I guess this is growing up?

AI trained on photos from kids’ entire childhood without their consent

Kids "easily traceable" from photos used to train AI models, advocates warn.

Ashley Belanger – Jun 10, 2024 10:37 PM | 136

Photos of Brazilian kids—sometimes spanning their entire childhood—have been used without their consent to power AI tools, including popular image generators like Stable Diffusion, Human Rights Watch (HRW) warned on Monday.

This act poses urgent privacy risks to kids and seems to increase risks of non-consensual AI-generated images bearing their likenesses, HRW's report said.

An HRW researcher, Hye Jung Han, helped expose the problem. She analyzed "less than 0.0001 percent" of LAION-5B, a dataset built from Common Crawl snapshots of the public web. The dataset does not contain the actual photos but includes image-text pairs derived from 5.85 billion images and captions posted online since 2008.

Among those images linked in the dataset, Han found 170 photos of children from at least 10 Brazilian states. These were mostly family photos uploaded to personal and parenting blogs most Internet surfers wouldn't easily stumble upon, "as well as stills from YouTube videos with small view counts, seemingly uploaded to be shared with family and friends," Wired reported.

LAION, the German nonprofit that created the dataset, has worked with HRW to remove the links to the children's images in the dataset.

That may not completely resolve the problem, though. HRW's report warned that the removed links are "likely to be a significant undercount of the total amount of children’s personal data that exists in LAION-5B." Han told Wired that she fears that the dataset may still be referencing personal photos of kids "from all over the world."

Ars Video

Removing the links also does not remove the images from the public web, where they can still be referenced and used in other AI datasets, particularly those relying on Common Crawl, LAION's spokesperson, Nate Tyler, told Ars.

"This is a larger and very concerning issue, and as a nonprofit, volunteer organization, we will do our part to help," Tyler told Ars.

Han told Ars that "Common Crawl should stop scraping children’s personal data, given the privacy risks involved and the potential for new forms of misuse."
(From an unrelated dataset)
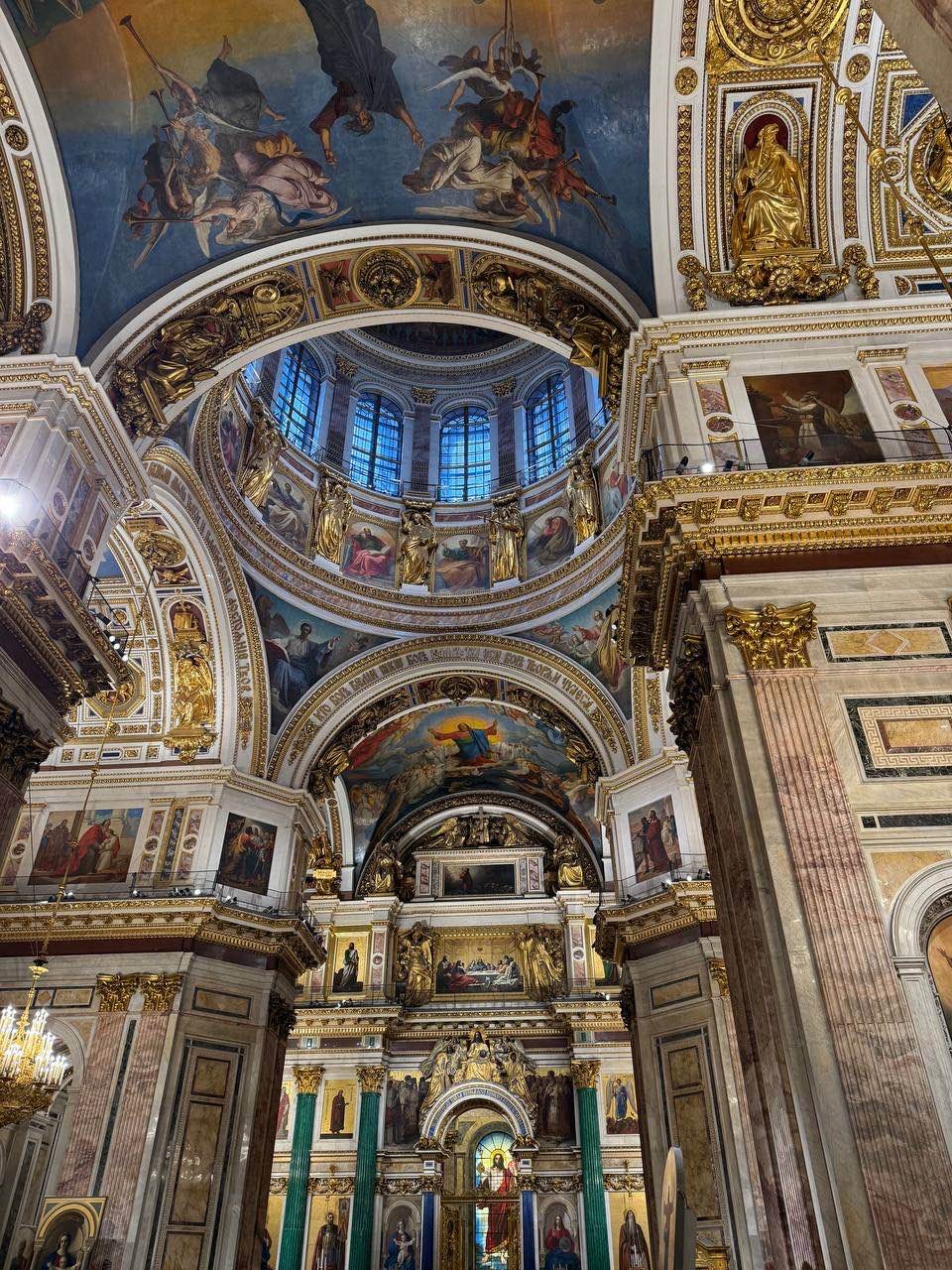 4.01. посетили 4 собора вместе с гидом Надеждой. Экскурсия понравилось. Надежда пунктуальная, эрудированная и приятная. Было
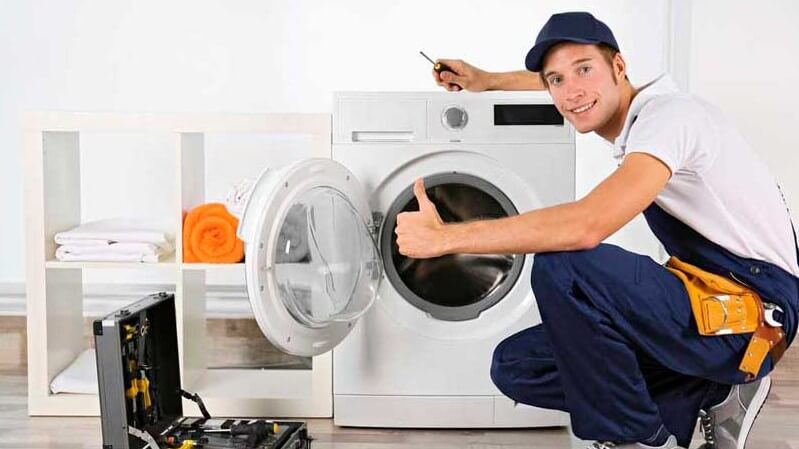 Liên hệ đơn vị sửa chữa uy tín để sửa máy giặt Electrolux bị lỗi chương trình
According to HRW's analysis, many of the Brazilian children's identities were "easily traceable," due to children's names and locations being included in image captions that were processed when building the LAION dataset.

And at a time when middle and high school-aged students are at greater risk of being targeted by bullies or bad actors turning "innocuous photos" into explicit imagery, it's possible that AI tools may be better equipped to generate AI clones of kids whose images are referenced in AI datasets, HRW suggested.

"The photos reviewed span the entirety of childhood," HRW's report said. "They capture intimate moments of babies being born into the gloved hands of doctors, young children blowing out candles on their birthday cake or dancing in their underwear at home, students giving a presentation at school, and teenagers posing for photos at their high school’s carnival."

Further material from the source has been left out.